(Extracted data)
****
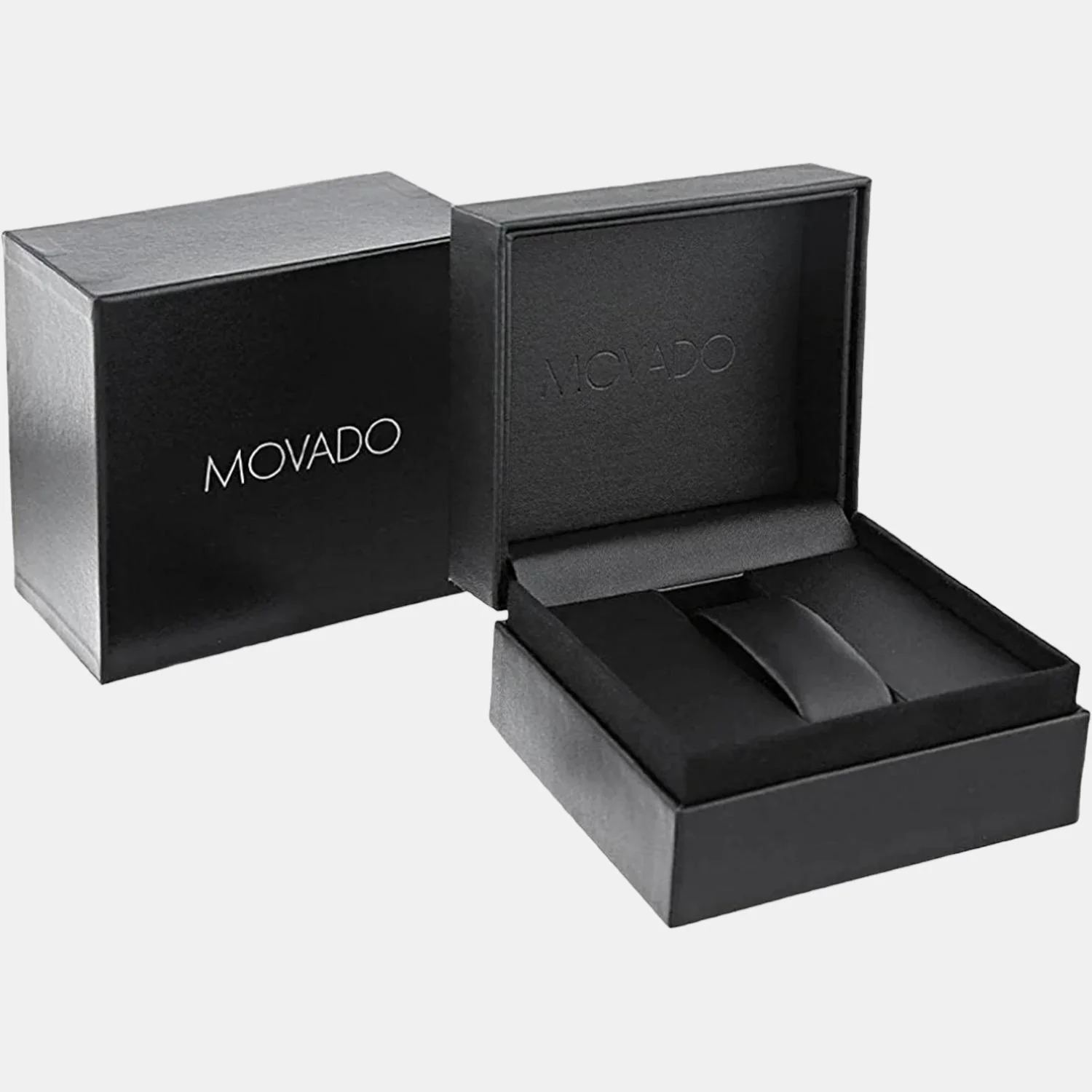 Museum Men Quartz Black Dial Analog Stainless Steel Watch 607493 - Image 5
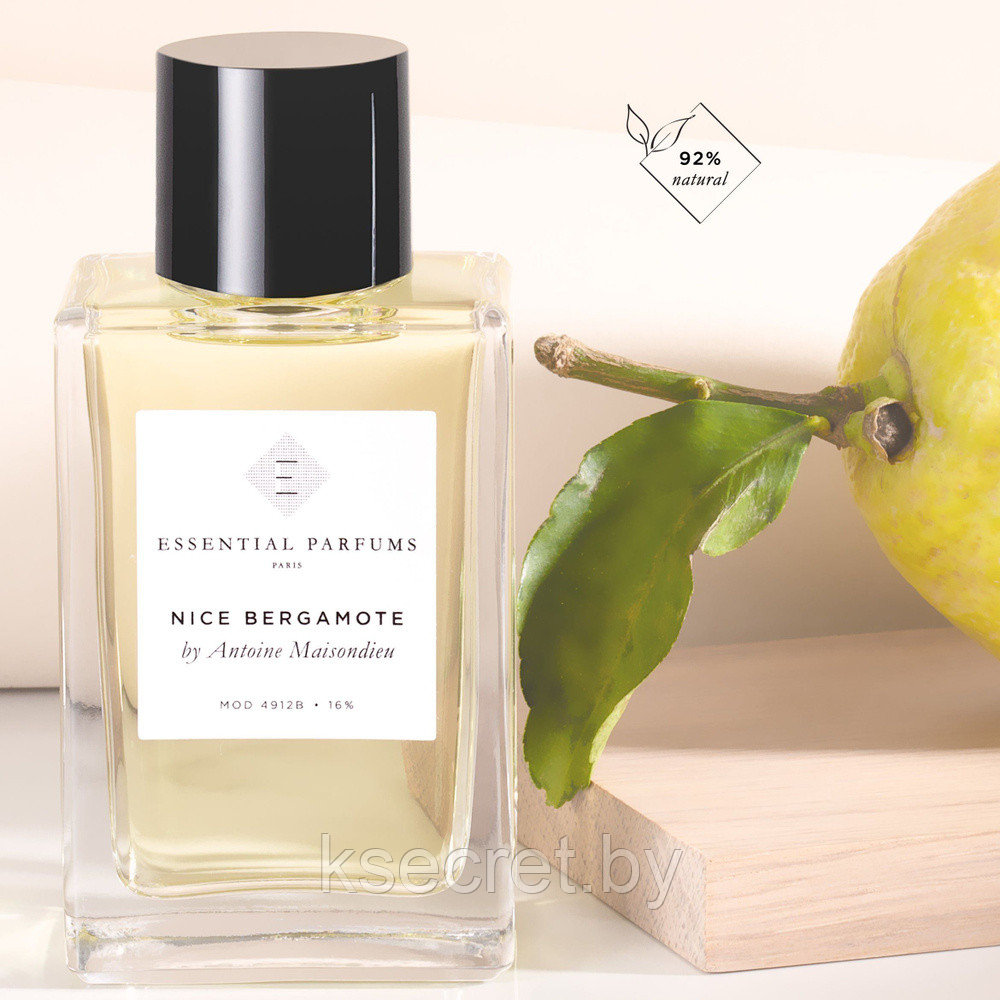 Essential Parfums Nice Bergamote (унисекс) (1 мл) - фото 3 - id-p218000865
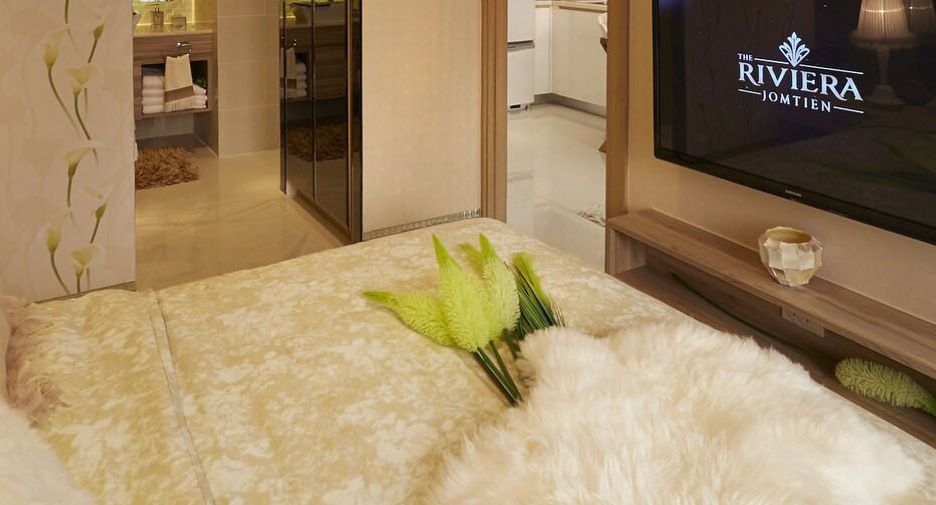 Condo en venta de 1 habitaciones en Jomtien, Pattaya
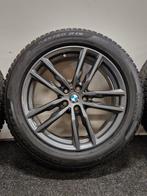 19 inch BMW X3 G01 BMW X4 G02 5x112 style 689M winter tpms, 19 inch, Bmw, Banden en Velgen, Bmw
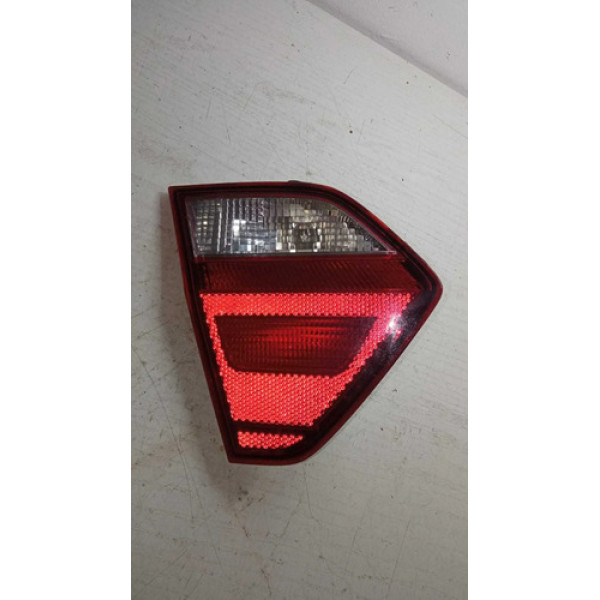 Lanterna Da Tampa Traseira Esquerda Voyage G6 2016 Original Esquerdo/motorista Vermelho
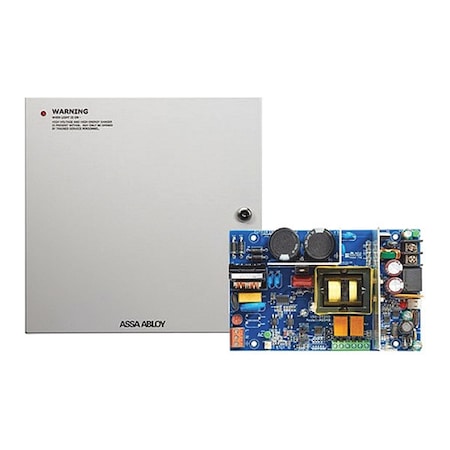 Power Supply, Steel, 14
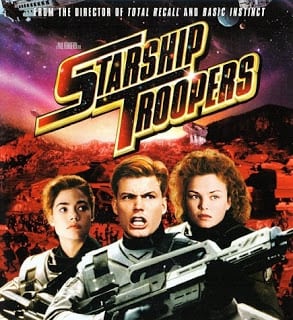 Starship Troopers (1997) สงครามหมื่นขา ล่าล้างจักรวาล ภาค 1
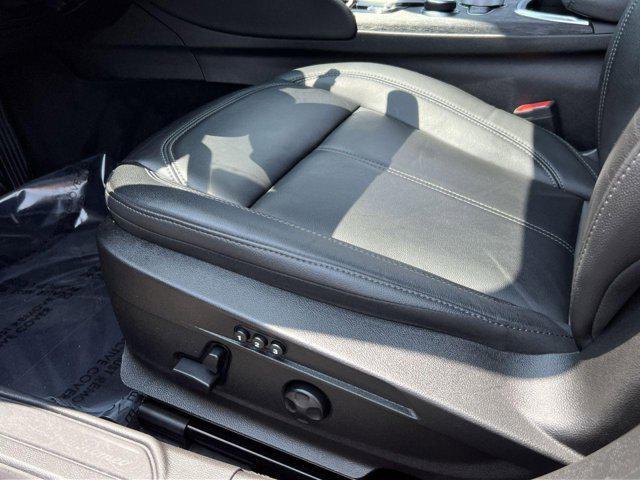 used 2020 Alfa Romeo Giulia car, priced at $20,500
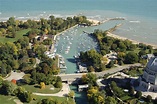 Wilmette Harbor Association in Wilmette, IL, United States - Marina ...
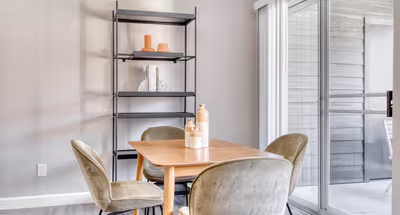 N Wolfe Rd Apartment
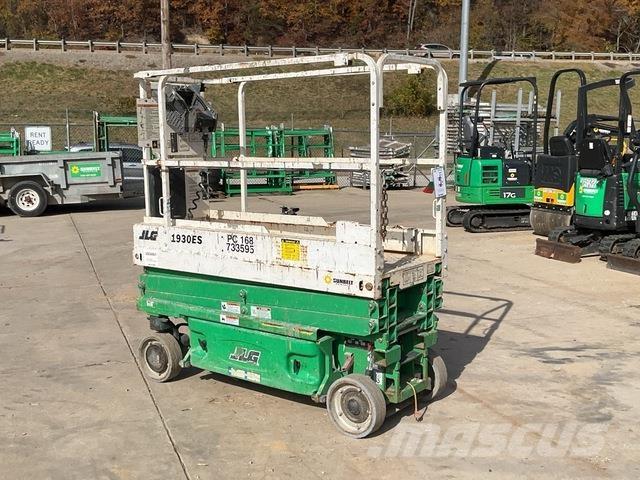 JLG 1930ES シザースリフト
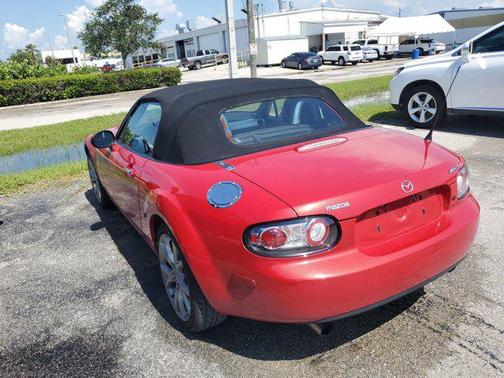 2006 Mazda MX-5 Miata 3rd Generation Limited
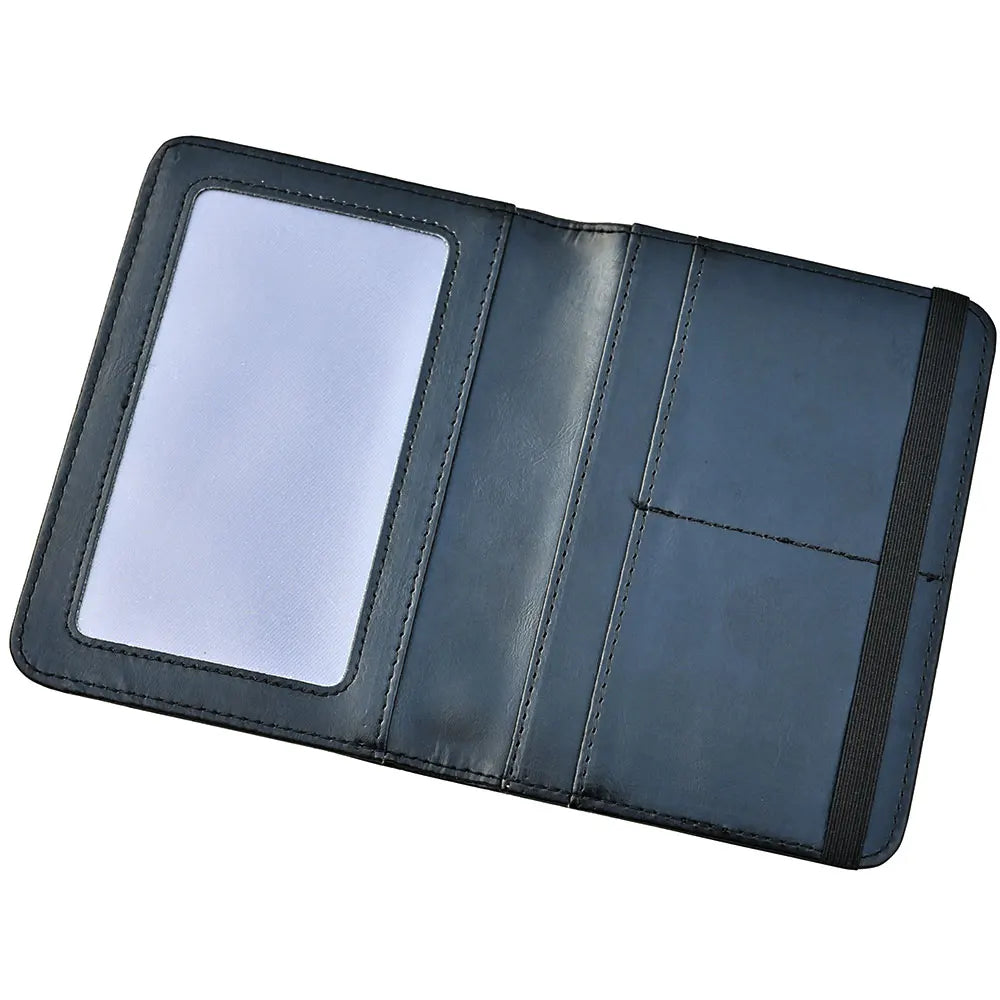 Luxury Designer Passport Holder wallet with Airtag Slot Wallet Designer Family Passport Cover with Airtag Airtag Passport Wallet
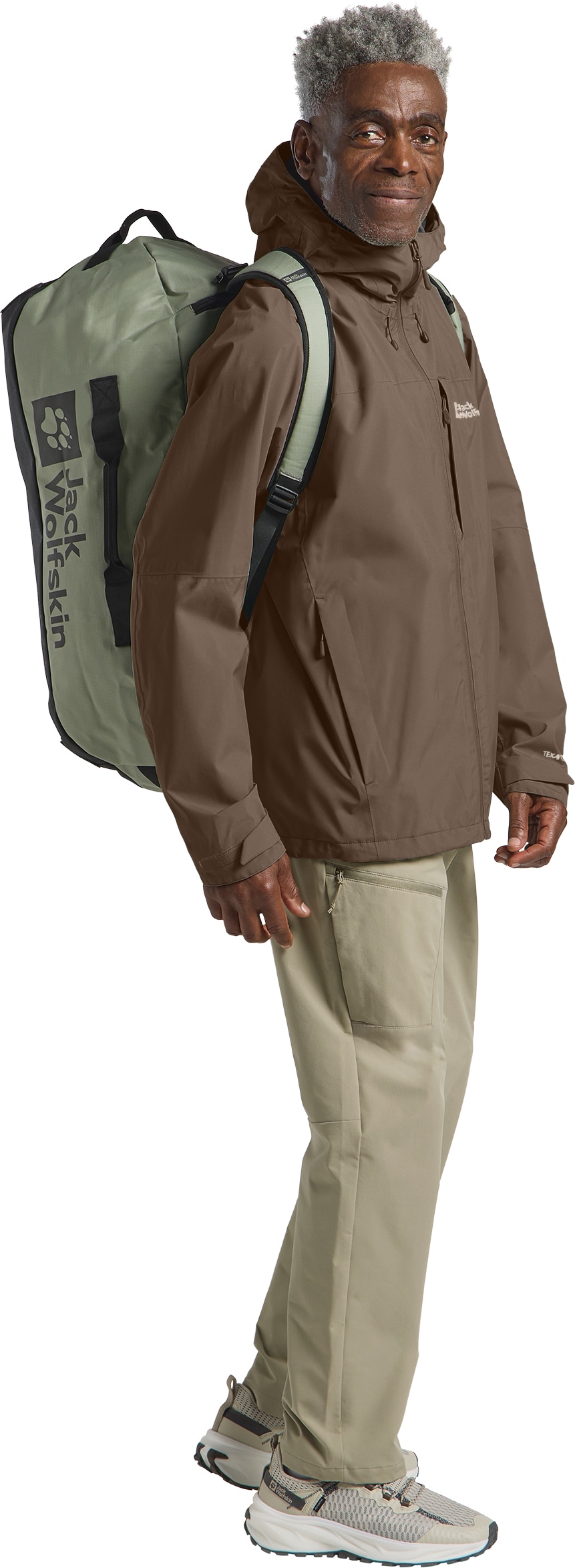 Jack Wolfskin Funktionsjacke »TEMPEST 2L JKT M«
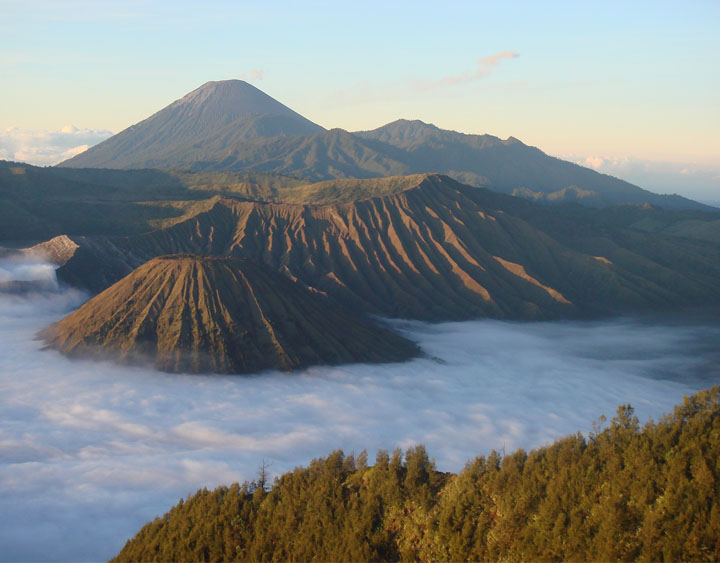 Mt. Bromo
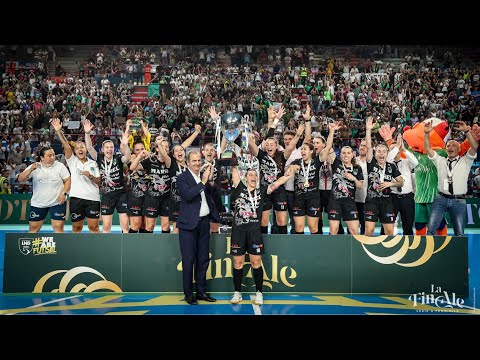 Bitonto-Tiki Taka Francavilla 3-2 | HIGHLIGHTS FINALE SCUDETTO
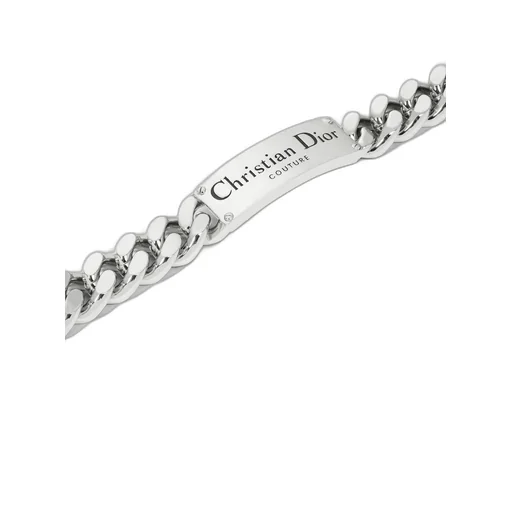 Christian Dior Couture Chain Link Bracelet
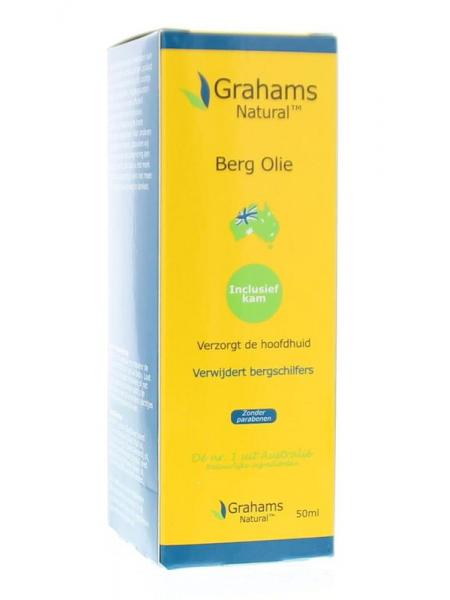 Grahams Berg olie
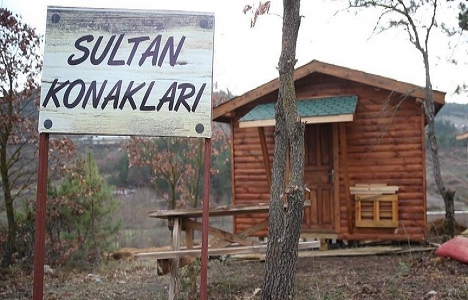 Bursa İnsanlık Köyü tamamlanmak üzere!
****
(Requirement) Your copy should match the records above word for word, but without images.

(Task response)
 Museum Men Quartz Black Dial Analog Stainless Steel Watch 607493 - Image 5
 Essential Parfums Nice Bergamote (унисекс) (1 мл) - фото 3 - id-p218000865
 Condo en venta de 1 habitaciones en Jomtien, Pattaya
 19 inch BMW X3 G01 BMW X4 G02 5x112 style 689M winter tpms, 19 inch, Bmw, Banden en Velgen, Bmw
 Lanterna Da Tampa Traseira Esquerda Voyage G6 2016 Original Esquerdo/motorista Vermelho
 Power Supply, Steel, 14
 Starship Troopers (1997) สงครามหมื่นขา ล่าล้างจักรวาล ภาค 1
 used 2020 Alfa Romeo Giulia car, priced at $20,500
 Wilmette Harbor Association in Wilmette, IL, United States - Marina ...
 N Wolfe Rd Apartment
 JLG 1930ES シザースリフト
 2006 Mazda MX-5 Miata 3rd Generation Limited
 Luxury Designer Passport Holder wallet with Airtag Slot Wallet Designer Family Passport Cover with Airtag Airtag Passport Wallet
 Jack Wolfskin Funktionsjacke »TEMPEST 2L JKT M«
 Mt. Bromo
 Bitonto-Tiki Taka Francavilla 3-2 | HIGHLIGHTS FINALE SCUDETTO
 Christian Dior Couture Chain Link Bracelet
 Grahams Berg olie
 Bursa İnsanlık Köyü tamamlanmak üzere!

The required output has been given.